Study of Various Dark Matter Halo Profiles in Milky Way and M31 Galaxies within the Standard Cosmology Framework

TL;DR

This study compares different dark matter halo profiles in the Milky Way and Andromeda galaxies using rotation curve data, finding NFW and Hernquist models align well with observations, while Einasto does not.

Contribution

It provides a comparative analysis of dark matter profiles in two major galaxies within the standard cosmology framework using Bayesian fitting techniques.

Findings

NFW and Hernquist profiles fit the rotation curve data well.

Einasto profile poorly explains dark matter distribution in both galaxies.

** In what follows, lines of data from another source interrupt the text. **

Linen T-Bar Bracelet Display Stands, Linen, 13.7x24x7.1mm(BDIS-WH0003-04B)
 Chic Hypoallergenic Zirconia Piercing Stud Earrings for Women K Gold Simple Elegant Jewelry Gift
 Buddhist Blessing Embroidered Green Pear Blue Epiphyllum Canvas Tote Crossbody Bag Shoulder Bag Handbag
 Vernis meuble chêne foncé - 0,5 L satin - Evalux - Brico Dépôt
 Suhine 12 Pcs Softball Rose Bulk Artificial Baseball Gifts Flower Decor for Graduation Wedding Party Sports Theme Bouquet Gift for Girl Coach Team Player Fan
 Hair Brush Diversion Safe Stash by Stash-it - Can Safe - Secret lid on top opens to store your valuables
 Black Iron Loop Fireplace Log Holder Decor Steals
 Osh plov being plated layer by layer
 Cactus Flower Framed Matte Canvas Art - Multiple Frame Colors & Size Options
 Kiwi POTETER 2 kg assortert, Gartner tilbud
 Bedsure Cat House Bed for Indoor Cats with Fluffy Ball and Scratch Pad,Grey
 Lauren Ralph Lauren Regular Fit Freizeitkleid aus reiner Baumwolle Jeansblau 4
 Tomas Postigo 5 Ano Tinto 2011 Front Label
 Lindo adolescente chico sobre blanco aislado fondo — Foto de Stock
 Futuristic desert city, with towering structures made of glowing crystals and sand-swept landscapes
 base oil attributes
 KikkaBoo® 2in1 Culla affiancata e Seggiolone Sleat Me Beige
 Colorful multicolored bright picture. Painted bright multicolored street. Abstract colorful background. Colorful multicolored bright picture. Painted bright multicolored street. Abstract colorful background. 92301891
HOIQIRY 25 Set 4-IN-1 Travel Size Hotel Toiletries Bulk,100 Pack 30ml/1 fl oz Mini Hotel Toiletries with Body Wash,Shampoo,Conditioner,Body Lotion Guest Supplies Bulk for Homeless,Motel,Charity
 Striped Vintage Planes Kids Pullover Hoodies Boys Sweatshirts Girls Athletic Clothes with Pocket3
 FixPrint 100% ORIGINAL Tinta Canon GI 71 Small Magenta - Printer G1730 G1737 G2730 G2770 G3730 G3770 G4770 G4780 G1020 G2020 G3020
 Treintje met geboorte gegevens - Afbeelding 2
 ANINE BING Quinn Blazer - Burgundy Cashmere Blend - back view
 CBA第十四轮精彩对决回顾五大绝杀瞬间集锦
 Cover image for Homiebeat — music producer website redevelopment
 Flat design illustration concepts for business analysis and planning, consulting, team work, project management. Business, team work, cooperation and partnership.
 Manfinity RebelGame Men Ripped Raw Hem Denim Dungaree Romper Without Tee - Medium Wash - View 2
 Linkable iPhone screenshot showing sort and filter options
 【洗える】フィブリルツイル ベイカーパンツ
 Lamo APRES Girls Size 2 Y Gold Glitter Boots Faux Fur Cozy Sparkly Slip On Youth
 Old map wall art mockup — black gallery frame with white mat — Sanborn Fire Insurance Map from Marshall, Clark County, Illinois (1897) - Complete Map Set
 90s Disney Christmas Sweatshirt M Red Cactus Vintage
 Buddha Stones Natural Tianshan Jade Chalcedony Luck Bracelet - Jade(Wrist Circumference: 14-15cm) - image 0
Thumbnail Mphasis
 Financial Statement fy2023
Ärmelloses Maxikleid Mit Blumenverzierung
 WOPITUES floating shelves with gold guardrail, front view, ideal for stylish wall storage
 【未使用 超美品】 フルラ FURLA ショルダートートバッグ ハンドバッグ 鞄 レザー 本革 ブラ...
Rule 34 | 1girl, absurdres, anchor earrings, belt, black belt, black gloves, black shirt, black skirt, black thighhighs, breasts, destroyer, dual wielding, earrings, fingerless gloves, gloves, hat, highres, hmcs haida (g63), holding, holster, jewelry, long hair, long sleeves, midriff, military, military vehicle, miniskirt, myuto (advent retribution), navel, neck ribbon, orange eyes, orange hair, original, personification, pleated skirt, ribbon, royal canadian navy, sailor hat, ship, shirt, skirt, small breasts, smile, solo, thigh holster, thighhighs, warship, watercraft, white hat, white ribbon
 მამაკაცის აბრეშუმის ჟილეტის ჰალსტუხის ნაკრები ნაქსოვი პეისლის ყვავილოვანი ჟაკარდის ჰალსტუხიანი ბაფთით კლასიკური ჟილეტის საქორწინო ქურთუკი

Results support the validity of NFW and Hernquist profiles over Einasto in these cases.

Abstract

In this paper, we study the rotation curves of the Milky Way galaxy (MW) and Andromeda galaxy (M31) by considering their bulge, disk, and halo components. We model the bulge region by the widely accepted de Vaucouleur's law and the disk region by the well-established exponential profile. In order to understand the distribution of dark matter in the halo region, we consider three different dark matter profiles in the framework of the standard $\Lambda$CDM model, namely, Navarro-Frenk-White (NFW), Hernquist, and Einasto profiles. We use recent datasets of rotation curves of the Milky Way and Andromeda galaxies. The data consist of rotation velocities of the stars and gas in the galaxy as a function of the radial distance from the center. Using Bayesian statistics, we perform an overall fit including all the components, i.e., bulge, disk, and halo, with the data. Our results indicate that the NFW and Hernquist profiles are in concordance with the observational data points. However, the Einasto profile poorly explains the behavior of dark matter in both the galaxies.